----- INFORMATION SUPPLIED

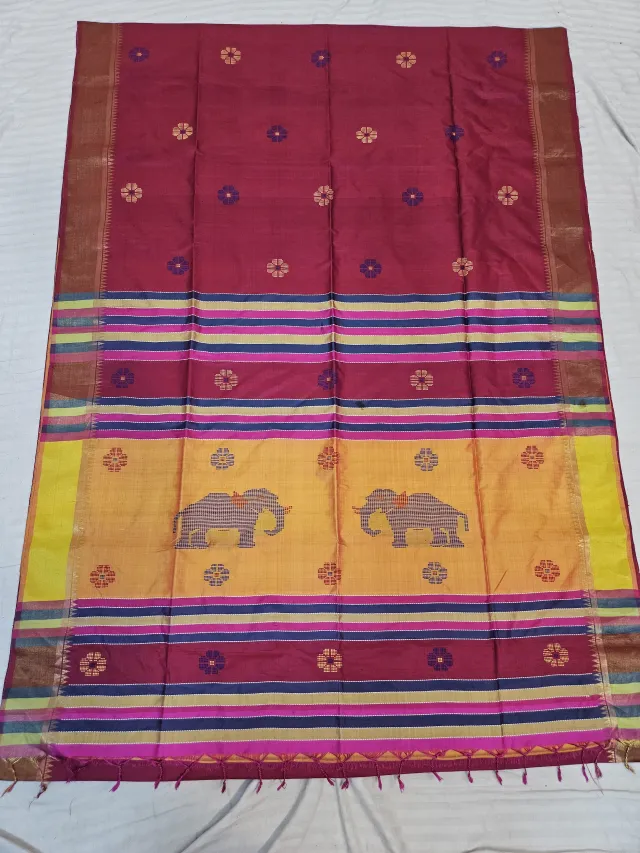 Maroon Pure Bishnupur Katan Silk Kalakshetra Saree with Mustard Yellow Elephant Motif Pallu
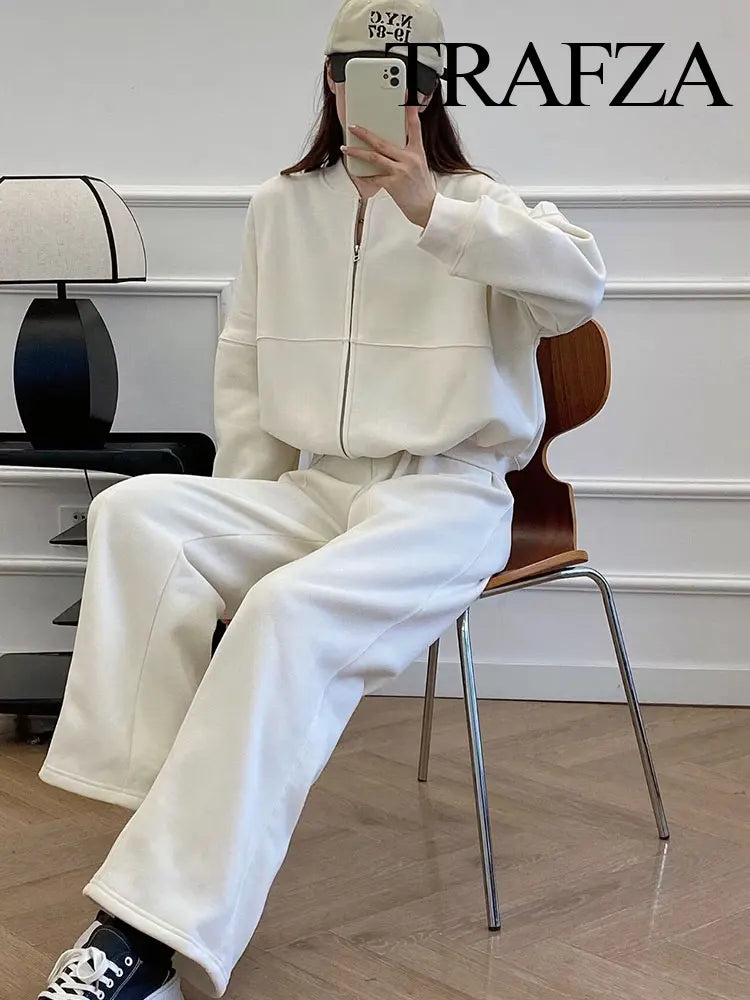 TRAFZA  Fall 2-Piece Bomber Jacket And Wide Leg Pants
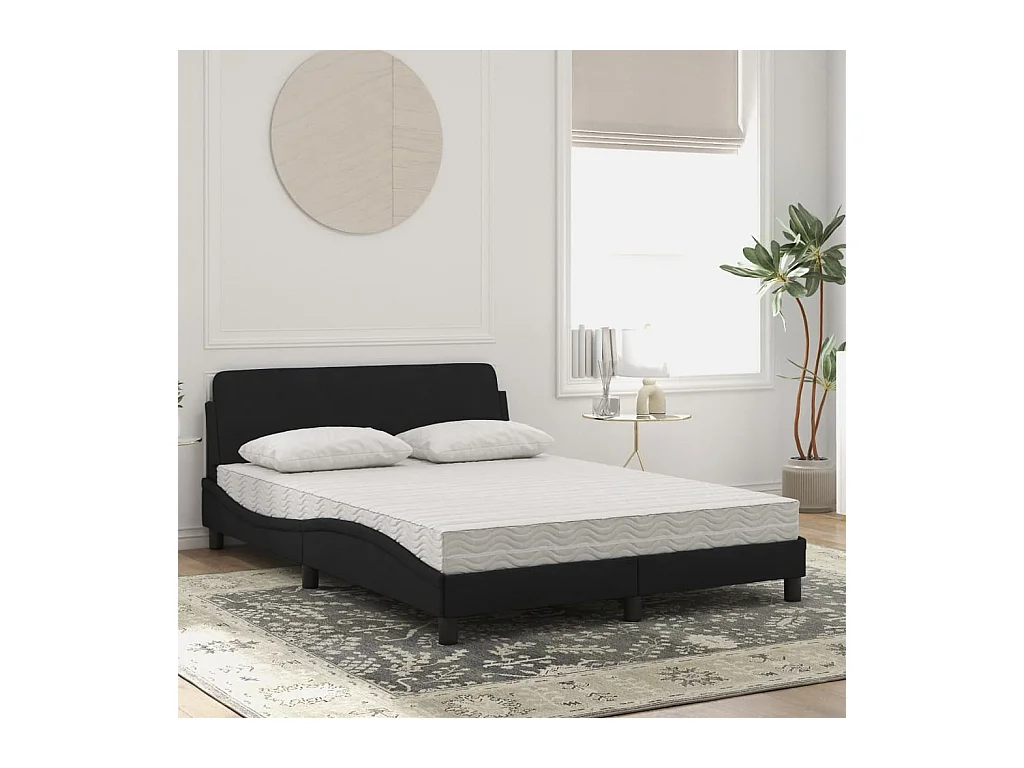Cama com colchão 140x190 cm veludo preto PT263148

----------

ASSIGNED TASK =
Starting where a line contains "Wide Leg Pants" and finishing at the last line above, set down every line exactly as it reads, with no pictures.

WRITTEN SOLUTION =
 TRAFZA  Fall 2-Piece Bomber Jacket And Wide Leg Pants
Cama com colchão 140x190 cm veludo preto PT263148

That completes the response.